Note 2 — New Accounting Pronouncements
In September 2006, the FASB issued SFAS No. 157, “Fair Value Measurements.” SFAS No. 157 establishes a framework for measuring fair value that is based on the assumptions market participants would use when pricing an asset or liability and establishes a fair value hierarchy that prioritizes the information to develop those assumptions. Additionally, the standard expands the disclosures about fair value measurements to include separately disclosing the fair value measurements of assets or liabilities within each level of the fair value hierarchy. In February 2008, the FASB issued FASB Staff Position (FSP) FAS 157-2, “Effective Date of FASB Statement No. 157.” FSP FAS 157-2 delayed the effective date of SFAS No. 157 for nonfinancial assets and nonfinancial liabilities to fiscal years beginning after November 15, 2008. On January 1, 2009, the Company implemented the previously delayed provisions of SFAS No. 157 for nonfinancial assets and nonfinancial liabilities recorded at fair value, as required. The implementation of SFAS No. 157 for nonfinancial assets and nonfinancial liabilities did not have a material impact on the Company’s results of operations and financial condition.
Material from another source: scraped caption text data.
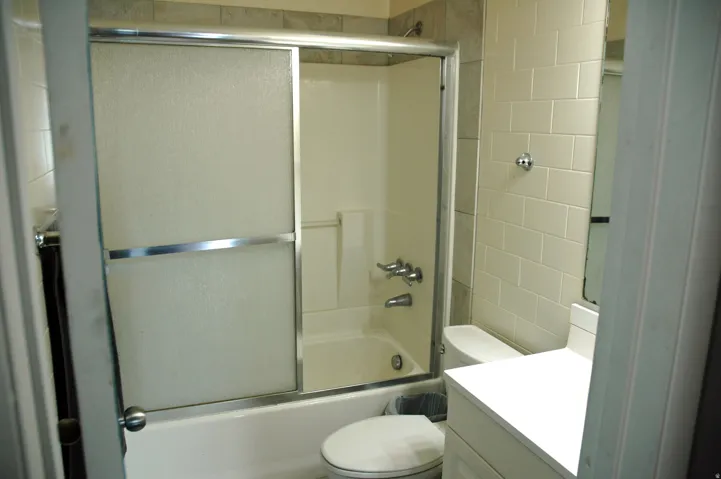 Full bathroom featuring a white vanity with a white countertop, subway-tiled walls, and a shower-over-tub combination with sliding glass doors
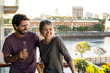 © PhotoAlto - Smiling young couple holding with beer bottles while standing on balcony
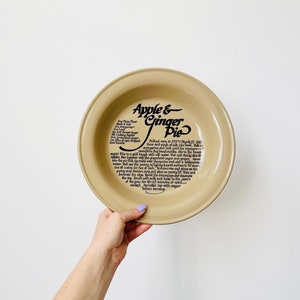 Puede incluir: Fuente de tarta de cerámica color canela con las palabras "Apple & Ginger Pie" en escritura negra. La fuente presenta una receta impresa en texto negro alrededor del borde. La fuente está sostenida por una mano.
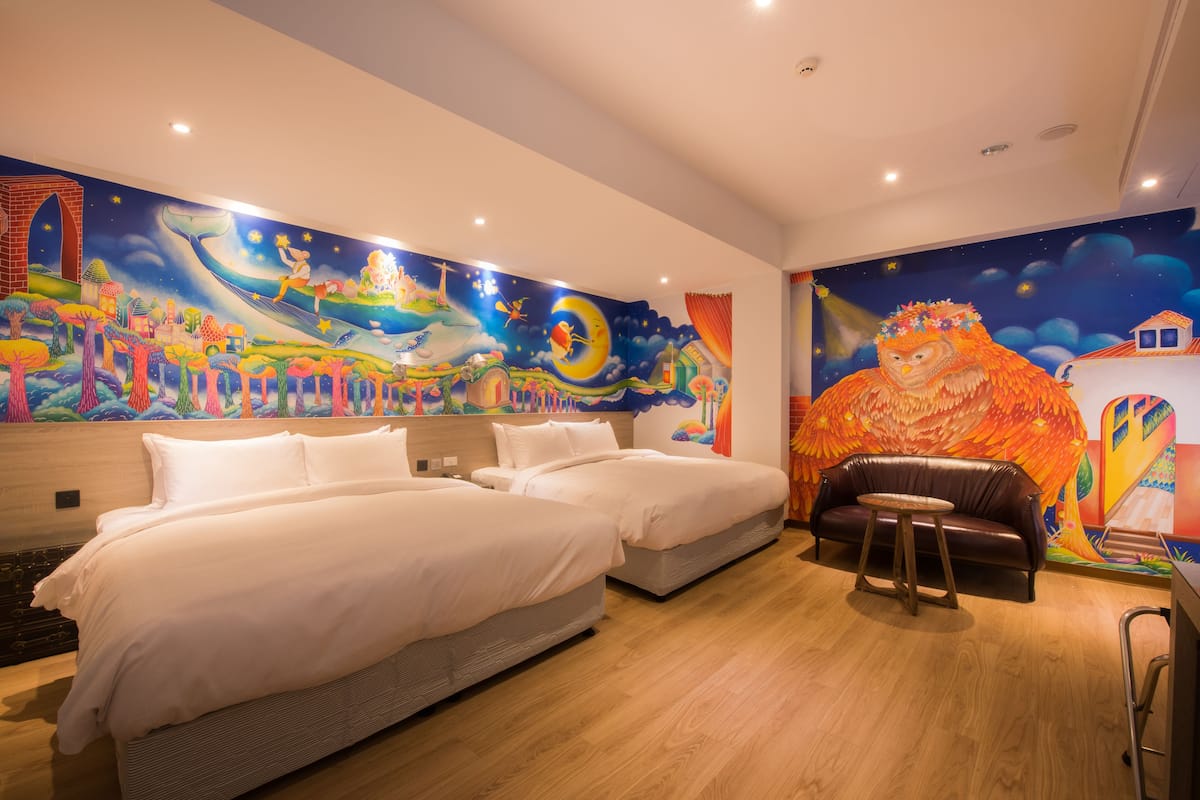 deluxe quad room | down duvets, free minibar, in-room safe, desk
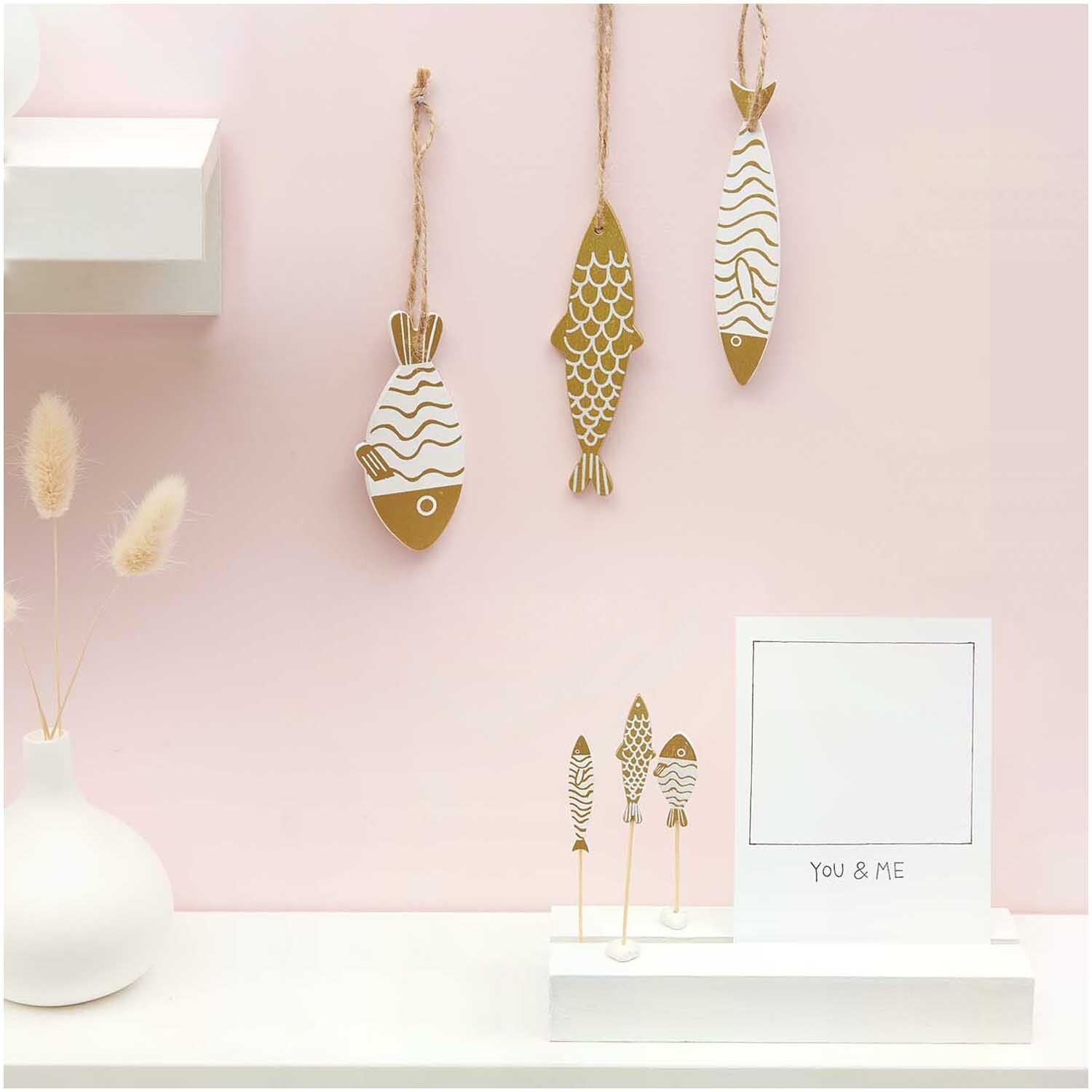 Deko-Picker Fisch Mix gold-weiß 7,5-8,5cm 6 Stück: Elegante Fisch-Dekorationen in Gold und Weiß an rosa Wand. Ideal für stilvolle Raumgestaltung.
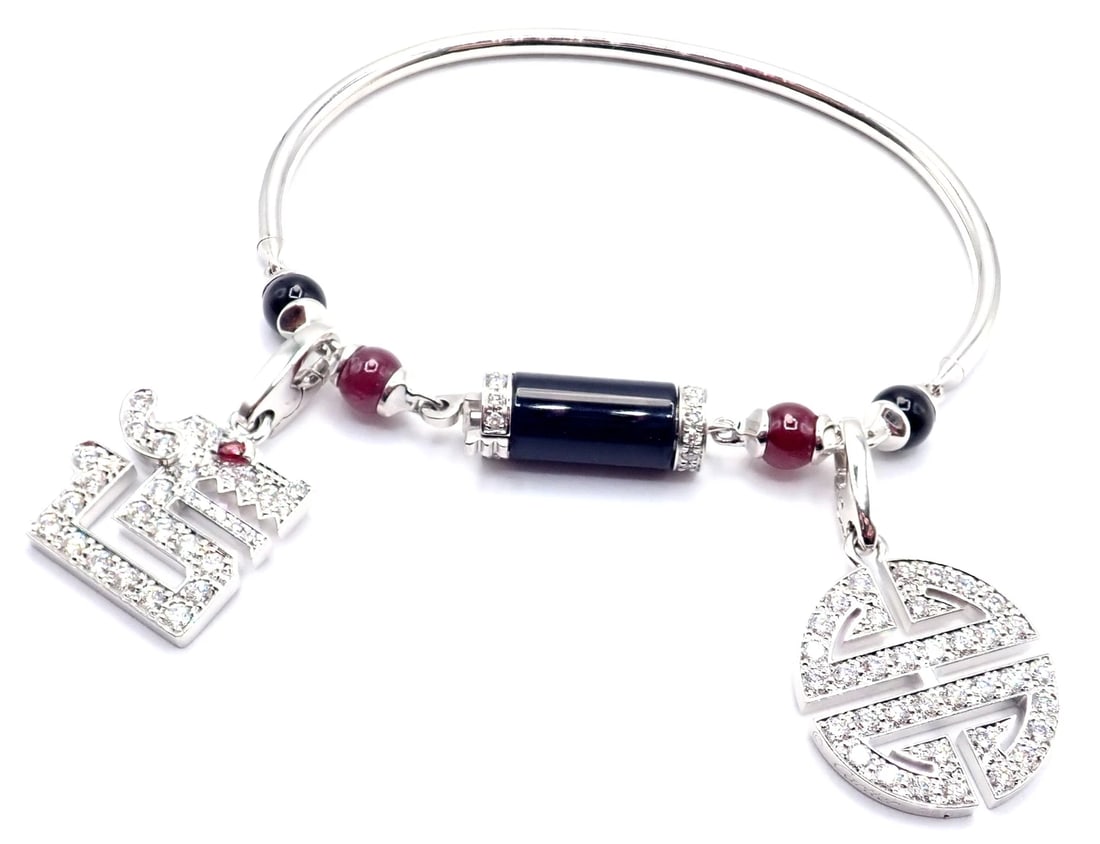 Cartier Le Baiser Du Dragon 18k Gold Diamond Ruby Onyx 2 Charms Bangle Bracelet: Cartier Le Baiser Du Dragon 18k Gold Diamond Ruby Onyx 2 Charms Bangle Bracelet About This Piece: Metal: 18k White Gold Bracelet: Charms: Size 17 Width 7mm Longevity 30mm x 18mm Dragon 27mm x 17mm Wei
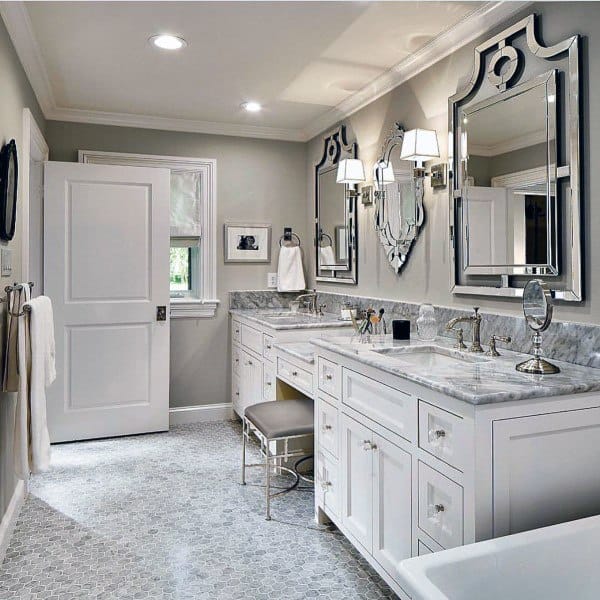 Spacious bathroom with double vanity, metallic-framed mirrors, and marble countertops.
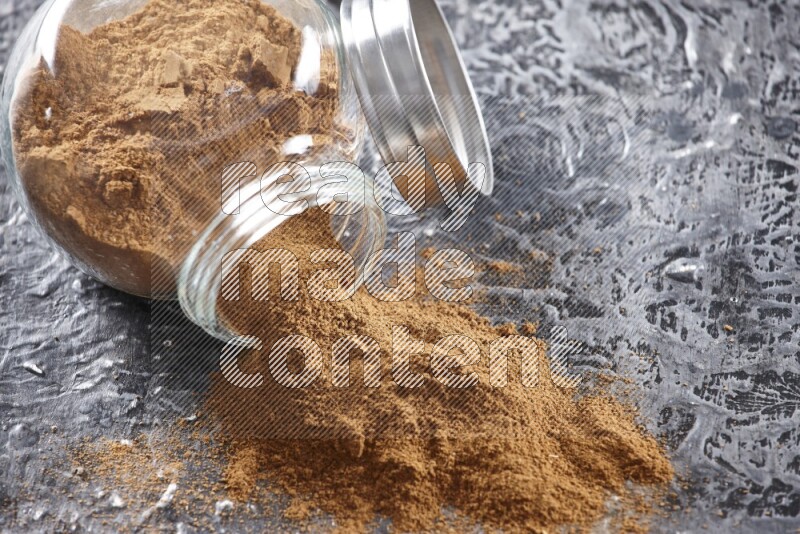 قرفة في وعاء زجاجي مقلوب علي خلفية سوداء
In December 2007, the FASB issued SFAS No. 141 (revised 2007), “Business Combinations” (SFAS No. 141(R)). SFAS No. 141(R) provides revised guidance on how acquirers recognize and measure the consideration transferred, identifiable assets acquired, liabilities assumed, noncontrolling interests and goodwill acquired in a business combination. SFAS No. 141(R) also expands required disclosures surrounding the nature and financial effects of business combinations. SFAS No. 141(R) is effective, on a prospective basis, for fiscal years beginning after December 15, 2008. The implementation of SFAS No. 141(R), effective January 1, 2009, did not have a material impact on the Company’s results of operations and financial condition.
In December 2007, the FASB issued SFAS No. 160, “Noncontrolling Interests in Consolidated Financial Statements - an amendment of ARB No. 51.” SFAS No. 160 establishes requirements for ownership interests in subsidiaries held by parties other than the Company (sometimes called “minority interests”) be clearly identified, presented, and disclosed in the consolidated statement of financial position within equity, but separate from the parent’s equity. All changes in the parent’s ownership interests are required to be accounted for consistently as equity transactions and any noncontrolling equity investments in deconsolidated subsidiaries must be measured initially at fair value. SFAS No. 160 is effective, on a prospective basis, for fiscal years beginning after December 15, 2008. However, presentation and disclosure requirements must be retrospectively applied to comparative financial statements. The implementation of SFAS No. 160, effective January 1, 2009, did not have a material impact on the Company’s results of operations and financial condition.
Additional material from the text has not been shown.